Ouvi rumores de que estavas por perto
e perto havia o mar e a tua companheira à deriva
e havia a lua e as canções que viajavam
entre a brisa, os coqueiros, os areais
e iam longe como longe o olhar do poeta atingia.

O poeta que nasceu e morreu em banhos de poesia e águas
bacias em que renasce a cada manhã na aldeia refeita,
nos carnavais, canaviais, nas feiras, fronteiras:
as semanas todas intensas
em calor, em sais e limões que estalam na língua:
o poeta que viveu tal qual todo poeta um dia quis viver.

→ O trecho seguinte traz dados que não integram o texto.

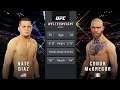 Nate Diaz Vs. Conor McGregor : UFC 4 Gameplay (Legendary Difficulty) (AI Vs AI) (PS4)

Os mares e os dias e as sombras dos coqueiros
nas noites sobre o pensamento,
a opulência da palavra e os amores:
todos os amores possíveis e os amores impossíveis e vãos,
os que são múltiplos desafios
– mesmo que únicos e eternos no momento de ser.
Vinicius, sobre quais inexpugnáveis castelos de areia
e sobre quais esteiras de vime
ou tapetes voadores em órbita no Rio, em Paris ou Salvador
depositarei teu olhar em degradé de mar e céu?

Poeta, dá-nos a senha de ingresso em teu mundo,
deixa teu violão e a tua voz à porta e o fio de Ariadne
para que os poetas todos se guiem em meio aos caminhos
desse labirinto cheio de delícias e riscos:
o que busca a saída, mesmo que dela não se precise
ou não se dê ainda o encontro almejado.

Nas ondas desse mar que vem em vidas, inundas
de palavras perfeitas e cores perfeitas as tardes.
Em todas as praias atiças – à vista as garotas-esfinges –
essas que (de tão lindas) são de todas as praias:
Ipanema-Itapuã ou ilhas.
Ou filhas, como sabê-las?

Perfilha, poeta oceânico, e faz se encontrarem
nosso Atlântico e o Pacífico
de Neruda (em Isla Negra), de Gabriela Mistral, d’além-mares
e de onde se confirme um mundo pequeno
em que eras induvidosamente príncipe.

Teu mundo tão grande, teu universo vagabundo:
o que somente um poeta-poetinha ousaria percorrer
e toda a coragem que havia no teu peito não se repetiu
jamais em qualquer outro.

Vinicius, traz de volta teu instinto e teu desejo voraz.
Moraes, faz um derradeiro bis de todos os teus vícios.

Ingressa, poeta maior, nessa nau lunática,
põe o teu copo cheio e o gelo no palco eterno,
abre mais uma garrafa pra que o dia e a noite recomecem
e todos os homens e mulheres funcionem regularmente
e se reconheçam nessa tua imensa plateia.